Panel Paper: Quality of Care for Chronically Ill Children and Medicaid Managed Care in Georgia

Friday, November 9, 2018
Wilson A - Mezz Level (Marriott Wardman Park)

*Names in bold indicate Presenter

Adam S. Wilk, Minh Luu and Janet R Cummings, Emory University

Background: Medicaid Managed Care (MMC) plans employ cost containment tools, such as prior authorization, preferred drug lists, and restrictive provider networks, to achieve savings relative to traditional, state-run Medicaid programs. Because these tools may affect clinicians’ therapeutic recommendations and Medicaid patients’ adherence to treatment, beneficiaries’ quality of care may be reduced. We know little about the effects of MMC cost containment tools because information about their implementation is often proprietary.

Setting: The 33 federally qualified health center (FQHC) organizations in Georgia, most of which regularly see patients enrolled in the state’s three (through September 2017) MMC plans

Data: A survey of FQHC-based physicians and nurse practitioners regularly treating children and adolescents with asthma or attention deficit hyperactivity disorder (ADHD). The survey captures information on: difficulties encountered when making referrals and prescribing medications due to MMC plans’ tools; the quality of care MMC beneficiaries receive; how effectively FQHCs manage MMC plans’ administrative requirements; and other FQHC and clinician characteristics. Data are gathered for MMC patients overall and for each MMC plan separately.

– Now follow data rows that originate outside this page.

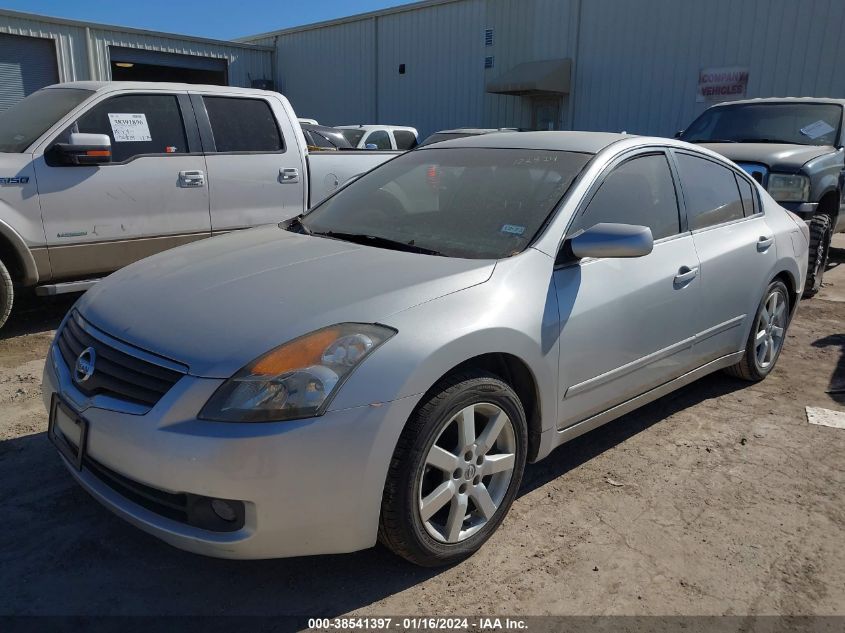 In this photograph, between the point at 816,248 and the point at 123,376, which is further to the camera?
the point at 816,248

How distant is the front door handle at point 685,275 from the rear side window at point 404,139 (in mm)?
10904

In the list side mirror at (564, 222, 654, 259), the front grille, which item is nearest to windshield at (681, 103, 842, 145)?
side mirror at (564, 222, 654, 259)

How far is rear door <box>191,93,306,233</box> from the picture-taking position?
5.95m

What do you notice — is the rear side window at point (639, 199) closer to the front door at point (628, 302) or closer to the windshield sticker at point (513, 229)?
the front door at point (628, 302)

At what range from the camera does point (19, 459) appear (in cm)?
336

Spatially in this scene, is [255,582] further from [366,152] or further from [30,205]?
[366,152]

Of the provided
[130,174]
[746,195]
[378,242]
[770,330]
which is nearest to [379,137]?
[130,174]

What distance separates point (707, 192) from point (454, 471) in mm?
2479

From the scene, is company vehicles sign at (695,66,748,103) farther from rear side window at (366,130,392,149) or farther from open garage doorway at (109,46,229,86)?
open garage doorway at (109,46,229,86)

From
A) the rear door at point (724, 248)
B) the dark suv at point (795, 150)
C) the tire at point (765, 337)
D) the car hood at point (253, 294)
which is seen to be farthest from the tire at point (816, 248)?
the car hood at point (253, 294)

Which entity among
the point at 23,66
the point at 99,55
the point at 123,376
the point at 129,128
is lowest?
the point at 123,376

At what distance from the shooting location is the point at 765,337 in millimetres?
4617

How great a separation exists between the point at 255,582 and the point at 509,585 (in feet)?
3.06

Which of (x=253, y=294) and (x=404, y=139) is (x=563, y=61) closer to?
(x=404, y=139) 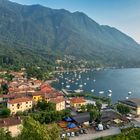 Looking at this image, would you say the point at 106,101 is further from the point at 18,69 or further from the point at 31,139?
the point at 18,69

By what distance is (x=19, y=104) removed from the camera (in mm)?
46156

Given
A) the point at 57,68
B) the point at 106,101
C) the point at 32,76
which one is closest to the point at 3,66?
the point at 32,76

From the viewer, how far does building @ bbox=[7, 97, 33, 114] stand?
45469 mm

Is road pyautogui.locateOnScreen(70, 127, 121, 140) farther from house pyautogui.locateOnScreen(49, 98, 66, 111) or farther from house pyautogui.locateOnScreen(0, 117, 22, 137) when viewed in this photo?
house pyautogui.locateOnScreen(49, 98, 66, 111)

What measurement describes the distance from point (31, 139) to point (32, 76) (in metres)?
71.9

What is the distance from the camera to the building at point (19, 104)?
45469mm

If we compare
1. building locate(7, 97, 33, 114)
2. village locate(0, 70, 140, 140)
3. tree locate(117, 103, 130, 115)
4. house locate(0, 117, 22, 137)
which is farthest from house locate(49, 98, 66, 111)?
house locate(0, 117, 22, 137)

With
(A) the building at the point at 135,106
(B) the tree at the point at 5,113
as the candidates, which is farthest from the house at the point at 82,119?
(A) the building at the point at 135,106

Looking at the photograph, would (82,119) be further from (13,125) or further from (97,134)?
(13,125)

Results: We received 63 completed surveys (estimated 68% response rate), representing 19 (58%) of Georgia’s FQHC organizations. Across multiple measures, between one-fifth and one-half of respondents indicated they had experienced difficulties with prior authorization, preferred medication prescribing, or specialist referrals often or very often when caring for their asthma and ADHD patients. Only 57.1% identified one or more differences between the MMC plans in any of the survey’s 12 items about such difficulties. Greater difficulties with referrals to certain specialists and prior authorization request denials were associated with perceptions of poorer patient care quality overall among clinicians. Whether respondents’ perceptions of effective administrative efforts by FQHCs to manage MMC plans’ cost containment tools were associated with either difficulties due to these cost containment tools or overall quality was inconclusive.

Conclusion: In Georgia, FQHC clinicians’ expressed difficulties with denied prior authorization requests and obtaining referrals when providing preferred treatments to Medicaid-enrolled, chronically ill children and adolescents was associated with their perceptions of their patients’ overall quality of care.